Правосудие у нас могло бы исполняться лучше, нежели во всех других государствах, потому что из всех народов только в одном русском заронилась эта верная мысль, что нет человека правого и что прав один только Бог[44].

В настоящих заметках нет места анализировать все последующие метаморфозы этой уваровско-гоголевской конструкции русского пространства. Хотя буквальное воспроизведение найденных ими формулировок оказывается для последующего развития неглавным, они порождают определенную традицию или традиции, остающиеся влиятельными еще в течение многих десятилетий. Как справедливо замечает Г. Флоровский, гоголевские идеи появляются позднее у Владимира Соловьева «в его рассуждениях о теократических обязательствах русского царя: прощать и целить любовью»[45]. Уваровскую триаду модифицирует К. П. Победоносцев, устраняя в ней легалистский момент (легитимацию самодержавия как «национального» государственного устройства) в пользу момента религиозного, употребляя знакомое нам выражение «земля русская» и перенося (вслед за славянофилами) образцовый теократический хронотоп в Московское царство XVII века[46]. В этих координатах располагаются и другие модификации теократической парадигмы, например те, что связаны с именами М. Н. Каткова, Л. А. Тихомирова, С. Н. Булгакова, П. А. Флоренского[47]. В них продолжает жить старая имперская модель, в которой царь стоит в центре христианской ойкумены, империя определяется в религиозных категориях, а непочитатели царского православия оказываются заблудившимися на неправославных путях отступниками.

Парадигма «святорусской земли», т. е. религиозно-имперского пространства с устраненным монархическим центром, также продолжает жить в XIX–XX веках. Более того, она превращается из маргинальной (какой была в XVII веке) в одну из центральных, в едва ли не основного конкурента парадигмы теократической. Эта эволюция не требует сложных объяснений. Те, кто искал национальную идентичность, могли воспринимать европеизированную государственность, заведенную Петром Великим, как чуждую русскому прошлому, а стоящего во главе ее российского императора — как секулярного монарха, отвергнувшего традиционные религиозные принципы социального устройства. Сам титул императора апеллировал к так и не освоенной римской традиции, тогда как в противоположность ему титул царя ассоциировался с традицией религиозной, соединяющей царя земного с Царем Небесным[48]. В 1855 году старообрядец И. М. Ермаков замечал: «Титул <…> императорский <…> Петром Великим заимствован от нечестиваго сатанинскаго папы римскаго. Титул император значит Перун, Титан или Дьявол»[49]. Старообрядцев, впрочем, проблема национальной идентичности не волновала и выражения Святая Русь они, как правило, не употребляли. Однако для искателей национальной идентичности, противополагавших свою конструкцию прошлого европеизационному отчуждению, «святорусская» парадигма была очевидным решением, и они к ней постоянно обращаются.

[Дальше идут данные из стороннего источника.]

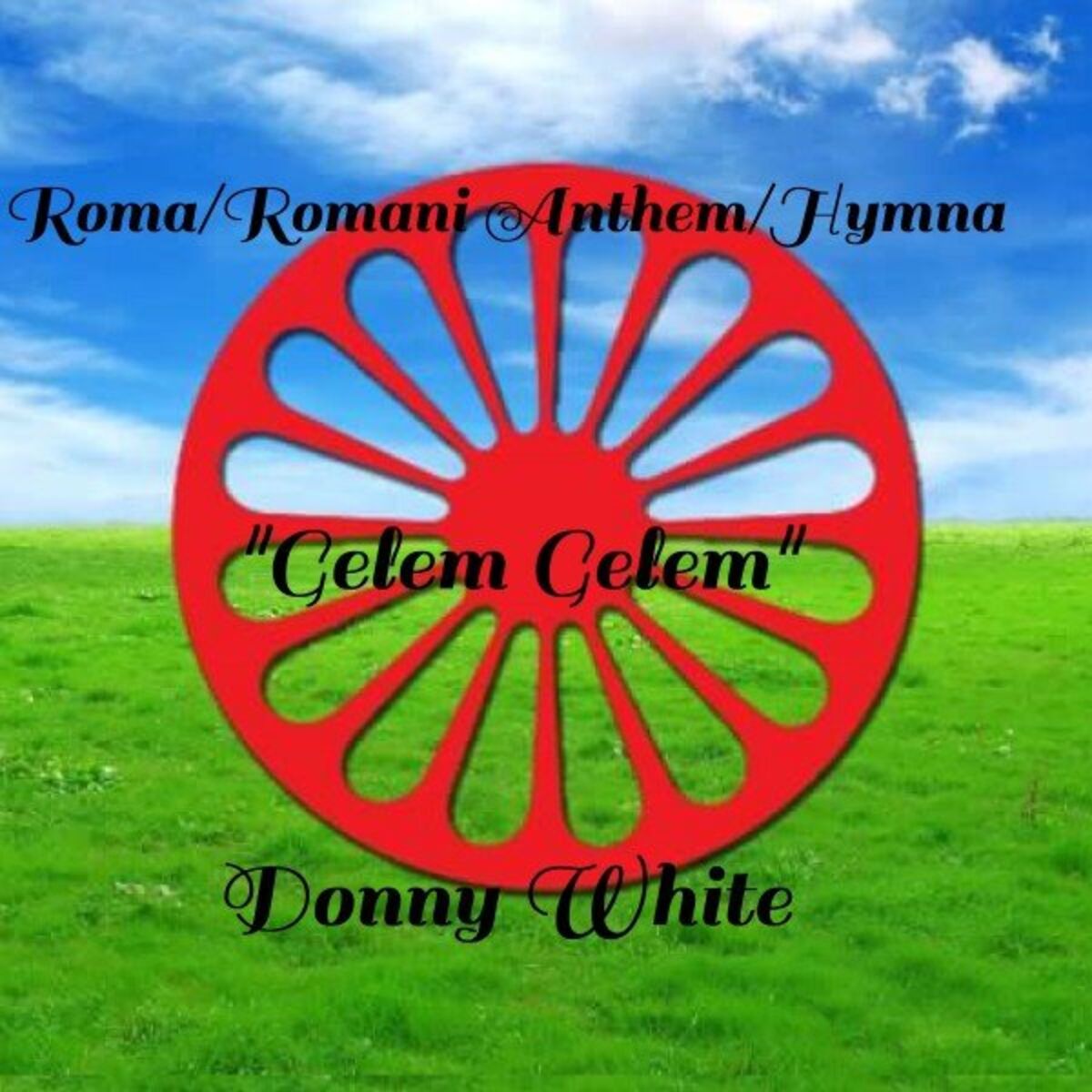 Album cover of Gelem Gelem (Romani Roma Anthem Hymna Live)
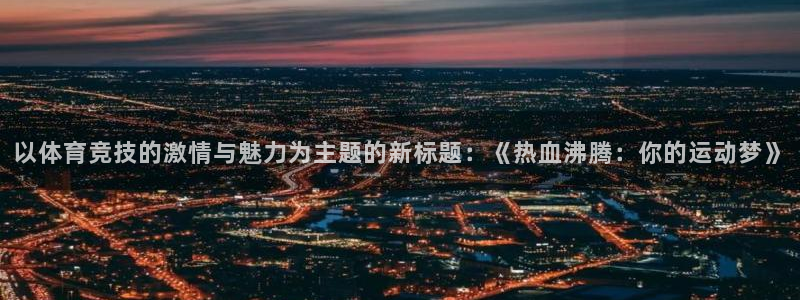 以体育竞技的激情与魅力为主题的新标题：《热血沸腾：你的运动梦》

Речь идет в первую очередь о славянофилах. Славянофильские построения также могут трактоваться как модификация введенных в оборот Уваровым националистических дискурсивных моделей. Но славянофилов решительно отличает от Уварова, а одновременно и от Гоголя их отношение к самодержавию. Из центра религиозной системы оно становится ее второстепенным, ограниченным определенными условиями атрибутом. Имперское самодержавие, которое должна была легитимировать уваровская формула, с точки зрения славянофилов, скорее враждебно православию или во всяком случае имеет к нему позитивное отношение только постольку, поскольку сохраняет слабую преемственность с допетровской царской властью. Для допетровского времени цари пребывали в единстве со своим православным народом, и это органическое единство распространяло и на них живительную силу православия, придавая религиозную миссию царскому служению. Именно с этим органическим народным наследием порвал Петр, и после этого разрыва переодевшиеся в европейское платье императоры и императрицы отделились от национального тела и, как следствие, лишились своего религиозного призвания. Петровские реформы делят для славянофилов русскую историю на романтически мифологизованное органическое прошлое и современный период духовной деградации, когда подражание Западу стало разлагать органическое народное начало.